At a small start-up, if the GET /foo/:fooId/bar/ endpoint is missing a field baz you need, you can usually just add it yourself and move on.

From what I've read GraphQL makes the most sense in the context of large scale teams and large databases. It introduces a large amount of overhead to your backend to parse queries, but allows those queries to be more flexible and not think about the database's schema which is a tremendous boon when you get to the scale where communication between teams is more expensive than implementation time. For junior and midlevel devs watching youtubes and reading blogs it's obviously an exciting technology because of what it promises (in this sense GraphQL is hardly unique), but there's a practical cost to production workloads.

That said, if I'm not mistaken GraphQL is almost explicitly designed with a versionless paradigm in mind. Whether or not that's a good decision is up for debate, but it's less "no clear path" and more like it's the responsibility of the backend to add support for new access patterns without causing old patterns to fail.

Some libraries offer enterprise features for versioning.

Like you said it makes sense in larger companies. As a consumer of a well documented API it’s great, as someone who had to stitch together 2 microservices to provide the required data it sucks.

Whether it was the intention or not, I find GraphQL solved a fascinating problem: it let front end developers move faster by greatly decoupling their data needs from the backend developers.

Backend developers describe the data model, expose it via graphql. Front end developers, often ones who never met those backend developers, can see the data model and just use it. They can change what they're querying on the fly, get more or less as they see fit.

It lets everyone move faster.

But as a backend developer, I actually fucking hate it, myself.

I thought it was supposed to do this, but then discovered that it has no way to express joins.

Has this been addressed? I don't see how you can decouple the back-end data from front-end queries without that.


I get specialization, but are there any other good reasons to divide product teams between frontend and backend? I guess it also helps establish patterns and contracts, but I think those are only helpful above a critical mass that I haven’t reached in my career yet.


In a small organization there isn't generally any reason to divide the teams between front and back end. As you've alluded - once you have many clients you'll want to separate responsibilities in order to increase velocity.


From a management perspective, the fiction of the full stack developer that is equally skilled at everything is the easiest. You stick with that until you complicate your architecture (wisely or not) to the point where having specialists outweighs having to manage multiples queues of work and dependencies.

> good reasons to divide product teams between frontend and backend?

People specialize in different things. A great React developer may not be a great Java developer, and vice-versa


It sounds like it is promoting a siloed cogs in the machine type of work ethic. Where you are either front end or back end and no one is thinking end-to-end about the system.

That's generally true for sizable companies. Small companies can and do use full stack devs.

Segmentation makes some sense but the industry is lacking end to end thinking as you point out.

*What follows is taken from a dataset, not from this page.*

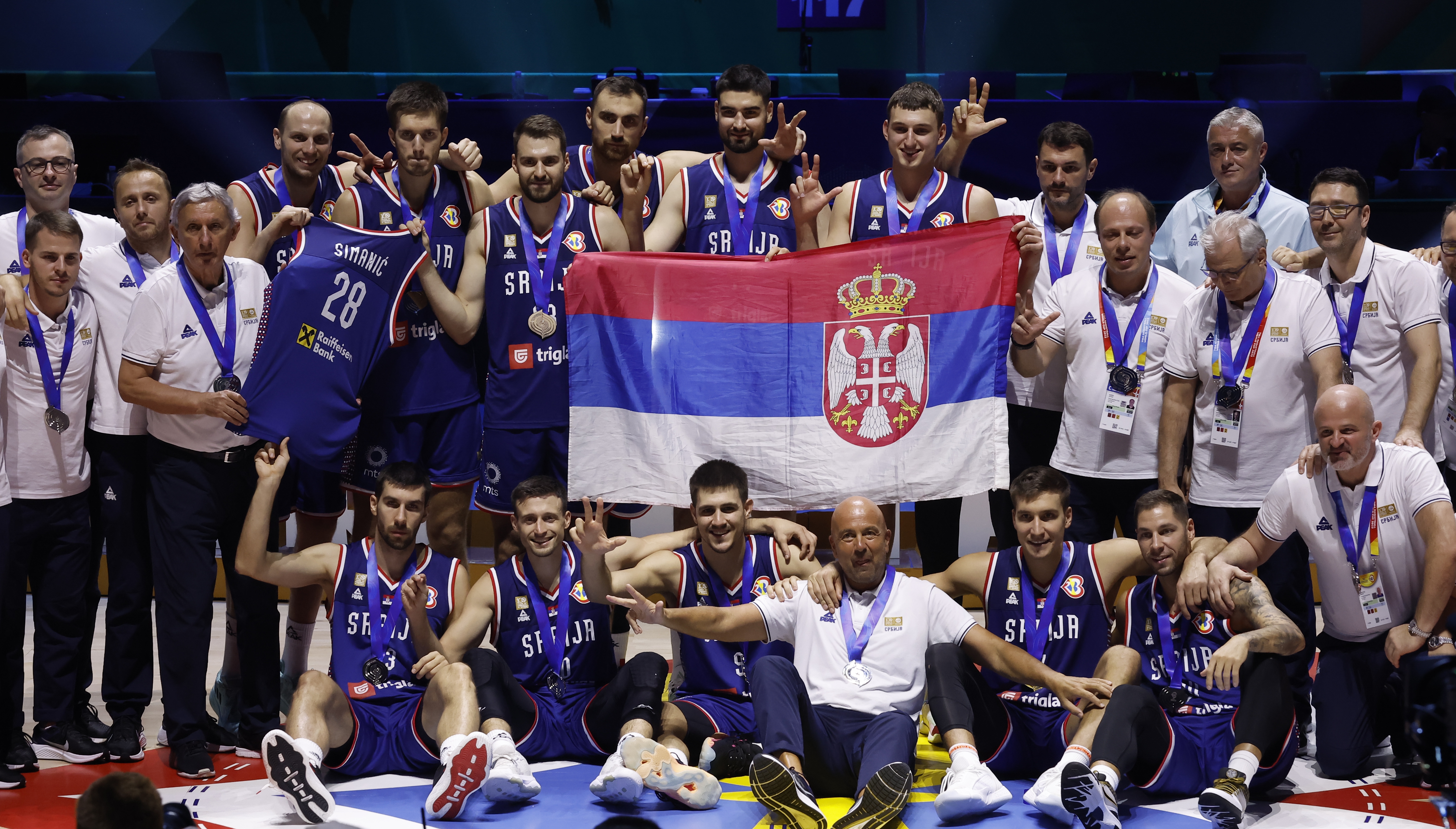 epa10852937 The team of Serbia pose with their silver medals after the FIBA Basketball World Cup 2023 final match between Serbia and Germany at the Mall of Asia in Manila, Philippines, 10 September 2023.  EPA-EFE/ROLEX DELA PENA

I think the causality runs the other way. Once the frontend had gotten so complex that it required a specialized team, solutions arose to reduce the back and forth necessary between frontend and backend teams.


Curious as to why you hate it specifically. Because what you could be doing is exposing every table / field automatically based on permissions (which you could set up a system where you don't even have to be involved).

It's not an unpopular opinion: it's true. Graphql is a terrible piece of software/paradigm.

I've completely avoided it for years. If a potential new job contacts me and they use graphql, it's an immediate no from me. It's an immediate red flag that the engineering culture at the company is poorly run and would be a nightmare to work in.

Run away, as fast as possible.

> It's an immediate red flag that the engineering culture at the company is poorly run and would be a nightmare to work in.

Well, at least I'm glad I know I'll never be working with you!

I'm not giving you shit because you don't like GraphQL, I'm giving you shit because of your asinine "if you use GraphQL your company is poorly run and a nightmare" comment.

Whenever I see a comment from any developer that says "If you use technology X then you are an idiot", then I know that developer is either incredibly junior and doesn't understand the tradeoffs in choosing any technology, or they're showing typical "if you don't like what I like than you don't know what you're doing" arrogance that inevitably always makes it a pain in the ass to work with that person.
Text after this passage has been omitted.